WHAT IS NEEDED:
Type again, exactly, the lines below from the start through the line that includes "Costco Weatherproof Vintage".

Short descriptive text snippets
┄┄┄┄┄┄┄┄┄┄┄┄┄┄┄┄┄┄┄┄

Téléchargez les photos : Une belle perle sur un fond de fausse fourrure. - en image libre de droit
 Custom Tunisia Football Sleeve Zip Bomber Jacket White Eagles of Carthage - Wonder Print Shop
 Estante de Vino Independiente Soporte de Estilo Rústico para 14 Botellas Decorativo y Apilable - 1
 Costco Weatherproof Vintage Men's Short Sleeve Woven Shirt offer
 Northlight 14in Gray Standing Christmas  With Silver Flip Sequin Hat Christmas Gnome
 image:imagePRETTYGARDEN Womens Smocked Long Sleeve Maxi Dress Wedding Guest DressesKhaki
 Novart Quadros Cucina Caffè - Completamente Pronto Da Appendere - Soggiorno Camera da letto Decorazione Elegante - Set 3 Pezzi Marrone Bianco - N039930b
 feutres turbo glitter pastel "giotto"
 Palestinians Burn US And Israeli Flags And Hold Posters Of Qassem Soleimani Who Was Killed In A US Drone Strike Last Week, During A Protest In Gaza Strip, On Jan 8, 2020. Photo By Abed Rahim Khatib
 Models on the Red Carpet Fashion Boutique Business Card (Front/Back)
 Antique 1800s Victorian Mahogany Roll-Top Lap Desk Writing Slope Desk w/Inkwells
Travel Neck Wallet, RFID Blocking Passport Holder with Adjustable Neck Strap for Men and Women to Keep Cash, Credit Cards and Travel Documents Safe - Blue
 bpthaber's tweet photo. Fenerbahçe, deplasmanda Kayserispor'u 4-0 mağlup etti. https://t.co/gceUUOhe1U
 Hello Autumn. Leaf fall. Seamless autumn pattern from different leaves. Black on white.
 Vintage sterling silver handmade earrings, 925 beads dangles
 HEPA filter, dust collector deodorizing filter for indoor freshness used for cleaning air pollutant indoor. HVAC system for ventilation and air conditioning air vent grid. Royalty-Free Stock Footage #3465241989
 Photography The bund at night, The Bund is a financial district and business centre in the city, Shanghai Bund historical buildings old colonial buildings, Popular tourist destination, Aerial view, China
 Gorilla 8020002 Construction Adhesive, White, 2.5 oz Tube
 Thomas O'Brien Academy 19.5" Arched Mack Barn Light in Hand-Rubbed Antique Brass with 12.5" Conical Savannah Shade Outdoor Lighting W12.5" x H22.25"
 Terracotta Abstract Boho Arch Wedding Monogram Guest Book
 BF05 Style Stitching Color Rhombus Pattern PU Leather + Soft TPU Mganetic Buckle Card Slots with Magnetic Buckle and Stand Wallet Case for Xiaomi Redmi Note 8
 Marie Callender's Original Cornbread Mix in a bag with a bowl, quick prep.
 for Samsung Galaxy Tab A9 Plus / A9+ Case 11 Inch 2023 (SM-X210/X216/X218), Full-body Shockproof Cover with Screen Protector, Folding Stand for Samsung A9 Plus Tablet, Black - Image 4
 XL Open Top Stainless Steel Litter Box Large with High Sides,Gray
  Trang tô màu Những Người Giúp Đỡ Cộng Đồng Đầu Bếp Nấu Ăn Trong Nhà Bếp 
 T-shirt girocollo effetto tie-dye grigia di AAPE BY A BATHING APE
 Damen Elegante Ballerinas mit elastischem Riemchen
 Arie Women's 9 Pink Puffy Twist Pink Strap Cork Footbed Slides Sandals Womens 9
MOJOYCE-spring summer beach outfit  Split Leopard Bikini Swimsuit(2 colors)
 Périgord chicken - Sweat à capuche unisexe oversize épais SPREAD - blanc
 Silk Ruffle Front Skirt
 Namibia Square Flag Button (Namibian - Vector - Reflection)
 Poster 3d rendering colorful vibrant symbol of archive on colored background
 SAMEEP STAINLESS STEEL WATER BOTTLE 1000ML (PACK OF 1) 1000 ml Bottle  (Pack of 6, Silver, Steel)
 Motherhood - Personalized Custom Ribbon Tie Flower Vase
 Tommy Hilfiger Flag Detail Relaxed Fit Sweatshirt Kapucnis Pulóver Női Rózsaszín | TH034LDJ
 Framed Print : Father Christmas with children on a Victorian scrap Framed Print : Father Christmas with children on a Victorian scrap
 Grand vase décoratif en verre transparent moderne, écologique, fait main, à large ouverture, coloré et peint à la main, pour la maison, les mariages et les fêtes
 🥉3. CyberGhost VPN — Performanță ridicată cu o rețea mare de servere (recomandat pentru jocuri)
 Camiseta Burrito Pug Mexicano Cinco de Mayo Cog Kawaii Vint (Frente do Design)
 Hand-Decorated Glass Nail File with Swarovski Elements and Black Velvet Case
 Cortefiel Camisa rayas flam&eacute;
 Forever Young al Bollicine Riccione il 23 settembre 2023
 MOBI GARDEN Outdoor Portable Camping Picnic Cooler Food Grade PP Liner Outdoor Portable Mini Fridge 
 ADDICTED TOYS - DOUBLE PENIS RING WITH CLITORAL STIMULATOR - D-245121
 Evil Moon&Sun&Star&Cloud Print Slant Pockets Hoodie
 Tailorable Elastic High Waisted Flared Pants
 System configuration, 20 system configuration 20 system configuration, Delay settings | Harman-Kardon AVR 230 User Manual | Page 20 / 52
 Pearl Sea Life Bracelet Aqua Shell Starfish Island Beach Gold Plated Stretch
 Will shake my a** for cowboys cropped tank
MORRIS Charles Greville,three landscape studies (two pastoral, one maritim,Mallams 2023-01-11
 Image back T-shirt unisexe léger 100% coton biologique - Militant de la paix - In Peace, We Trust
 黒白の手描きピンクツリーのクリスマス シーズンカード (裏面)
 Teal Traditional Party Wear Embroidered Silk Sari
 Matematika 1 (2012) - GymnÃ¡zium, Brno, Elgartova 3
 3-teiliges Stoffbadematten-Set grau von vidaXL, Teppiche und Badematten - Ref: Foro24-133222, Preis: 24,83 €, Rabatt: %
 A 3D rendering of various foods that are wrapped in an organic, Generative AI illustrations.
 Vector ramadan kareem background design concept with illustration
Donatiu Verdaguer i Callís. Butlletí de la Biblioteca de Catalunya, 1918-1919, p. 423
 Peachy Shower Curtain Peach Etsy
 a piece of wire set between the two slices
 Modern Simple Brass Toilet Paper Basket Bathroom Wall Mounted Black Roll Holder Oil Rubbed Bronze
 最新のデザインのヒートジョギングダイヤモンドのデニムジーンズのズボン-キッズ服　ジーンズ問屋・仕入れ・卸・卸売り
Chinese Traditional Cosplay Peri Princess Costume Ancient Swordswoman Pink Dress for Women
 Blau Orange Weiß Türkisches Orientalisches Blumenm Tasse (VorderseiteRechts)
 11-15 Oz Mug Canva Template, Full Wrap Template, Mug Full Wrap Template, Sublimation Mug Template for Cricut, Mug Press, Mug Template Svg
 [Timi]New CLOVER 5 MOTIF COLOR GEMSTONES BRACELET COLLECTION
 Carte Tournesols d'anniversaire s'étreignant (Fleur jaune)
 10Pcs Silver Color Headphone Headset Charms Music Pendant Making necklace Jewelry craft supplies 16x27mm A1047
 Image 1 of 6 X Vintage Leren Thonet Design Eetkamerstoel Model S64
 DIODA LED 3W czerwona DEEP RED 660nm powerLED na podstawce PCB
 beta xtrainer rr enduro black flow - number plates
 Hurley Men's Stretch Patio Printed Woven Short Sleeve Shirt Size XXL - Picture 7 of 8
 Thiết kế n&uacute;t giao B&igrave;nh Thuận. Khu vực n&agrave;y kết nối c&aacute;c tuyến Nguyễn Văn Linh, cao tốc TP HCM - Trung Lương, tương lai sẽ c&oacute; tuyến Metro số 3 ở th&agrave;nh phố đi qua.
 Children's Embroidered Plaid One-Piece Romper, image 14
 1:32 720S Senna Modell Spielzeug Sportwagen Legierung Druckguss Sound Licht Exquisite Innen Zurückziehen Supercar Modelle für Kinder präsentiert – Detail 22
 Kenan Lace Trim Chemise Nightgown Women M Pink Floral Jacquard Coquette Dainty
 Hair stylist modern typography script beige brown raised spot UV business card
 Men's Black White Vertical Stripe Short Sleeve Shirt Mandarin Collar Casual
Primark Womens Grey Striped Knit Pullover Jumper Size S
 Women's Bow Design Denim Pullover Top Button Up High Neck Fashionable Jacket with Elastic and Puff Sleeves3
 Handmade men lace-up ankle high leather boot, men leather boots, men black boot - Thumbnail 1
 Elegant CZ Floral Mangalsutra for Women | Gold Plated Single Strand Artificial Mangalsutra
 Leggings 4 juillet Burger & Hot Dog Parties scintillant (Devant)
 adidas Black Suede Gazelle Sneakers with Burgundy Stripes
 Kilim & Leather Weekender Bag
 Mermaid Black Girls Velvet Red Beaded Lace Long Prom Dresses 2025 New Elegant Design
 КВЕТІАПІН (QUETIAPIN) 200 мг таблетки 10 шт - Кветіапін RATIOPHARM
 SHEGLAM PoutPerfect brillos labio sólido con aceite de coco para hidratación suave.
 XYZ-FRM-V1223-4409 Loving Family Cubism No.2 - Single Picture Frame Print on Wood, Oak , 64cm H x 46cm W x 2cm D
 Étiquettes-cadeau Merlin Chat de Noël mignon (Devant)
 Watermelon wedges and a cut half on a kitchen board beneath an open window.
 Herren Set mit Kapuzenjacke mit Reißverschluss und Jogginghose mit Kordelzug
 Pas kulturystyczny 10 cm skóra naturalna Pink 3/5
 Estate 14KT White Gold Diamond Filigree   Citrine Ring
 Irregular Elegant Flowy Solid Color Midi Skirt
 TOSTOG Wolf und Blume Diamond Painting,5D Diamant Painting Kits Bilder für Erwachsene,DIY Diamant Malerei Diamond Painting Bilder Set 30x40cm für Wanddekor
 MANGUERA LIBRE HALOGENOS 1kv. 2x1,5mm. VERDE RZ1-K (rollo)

┄┄┄┄┄┄┄┄┄┄┄┄┄┄┄┄┄┄┄┄

RESULT OF THIS TASK:
Téléchargez les photos : Une belle perle sur un fond de fausse fourrure. - en image libre de droit
 Custom Tunisia Football Sleeve Zip Bomber Jacket White Eagles of Carthage - Wonder Print Shop
 Estante de Vino Independiente Soporte de Estilo Rústico para 14 Botellas Decorativo y Apilable - 1
 Costco Weatherproof Vintage Men's Short Sleeve Woven Shirt offer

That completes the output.